Jeffrey A. Bowles v. State of Indiana (mem. dec.)
06A05-1702-CR-411
| Ind. Ct. App. | Oct 4, 2017Background
- In 2003 Bowles was convicted of aggravated battery (Class B) and criminal recklessness (Class D); in 2004 he received a 20-year sentence with 10 years executed and 10 years suspended to probation.
- The trial court did not set probation terms at sentencing; Bowles was released in Feb 2008 and began reporting to probation though terms had not yet been entered.
- In March 2010 the court (with Bowles represented and not objecting) informed him in open court and in writing of probation conditions and the parties agreed the ten-year probation term would start then; Bowles did not appeal.
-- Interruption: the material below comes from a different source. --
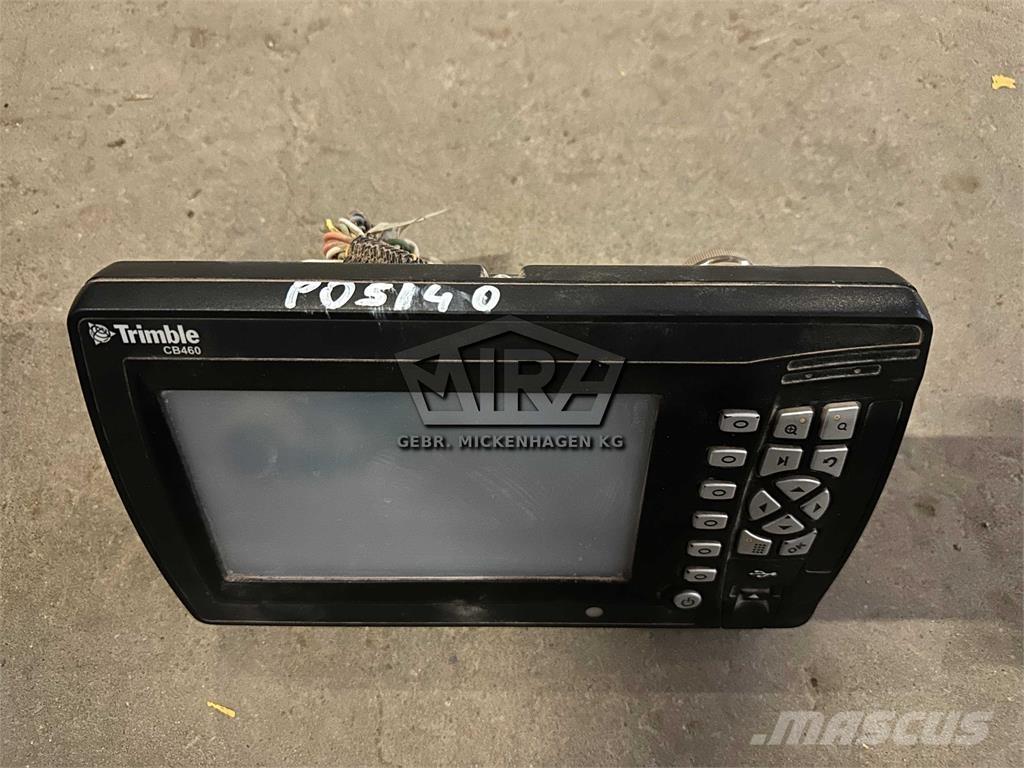 Trimble CB460 Sonstige Baumaschinen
- Between 2009 and 2015 Bowles admitted multiple probation violations, received short jail sanctions (credited as time served), and was repeatedly returned to probation; in 2015–2016 new Clinton County charges (two causes) prompted petitions to revoke.
- The trial court found Bowles violated probation by committing new crimes (based on guilty pleas in the Clinton County causes) and at a sanctions hearing ordered him to serve the balance of his previously suspended ten-year sentence.
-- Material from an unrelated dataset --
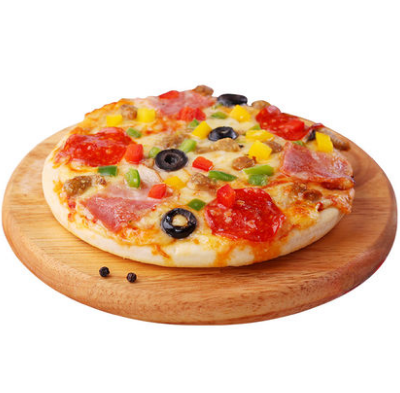 绝世速冻披萨套餐180g5份赠滚刀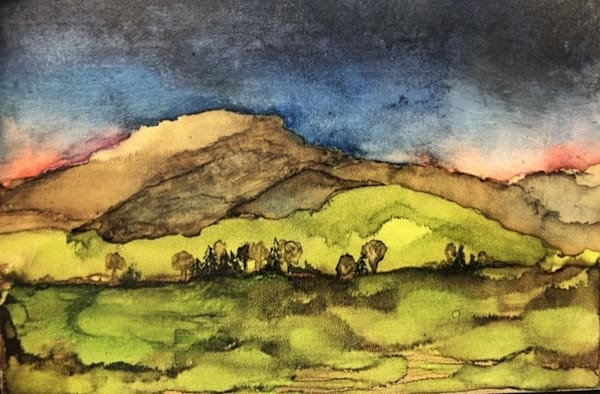 Vanessa Pettit - Vacation Alcohol Ink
- Bowles appealed, arguing (1) the court lacked authority to set probation terms more than two years after completion of the executed sentence and thus could not revoke for violations, and (2) the court abused its discretion by ordering execution of the suspended sentence.
Issues
| Issue | Plaintiff's Argument | Defendant's Argument | Held |
|---|---|---|---|
| Whether Bowles validly violated probation when terms were set post-sentencing | State: Bowles was advised of terms in 2010, acquiesced, and committed new crimes within statutory period; commission of new crimes is an automatic violation | Bowles: Court lacked authority to set probation conditions more than two years after completion of executed sentence, so probation (and revocation) invalid | Court: Denied — terms were entered in open court with counsel present, Bowles acquiesced, and new crimes are automatic probation violations; revocation proper |
| Whether executing the suspended sentence was an abuse of discretion | State: Serial criminal history, repeated violations, and convictions in Clinton County justified executing suspended time | Bowles: Trial court improperly relied on past/dismissed violations and failed to explain why recent treatment completion didn’t counsel for alternatives | Court: Denied — sentencing on revocation reviewed for abuse of discretion and here record supported execution of suspended sentence given lengthy criminal history and repeated failures to rehabilitate; no improper factors shown |
Key Cases Cited
- Ratliff v. State, 546 N.E.2d 309 (Ind. Ct. App. 1989) (statute requires court to specify probation conditions in the record at time of placing defendant on probation)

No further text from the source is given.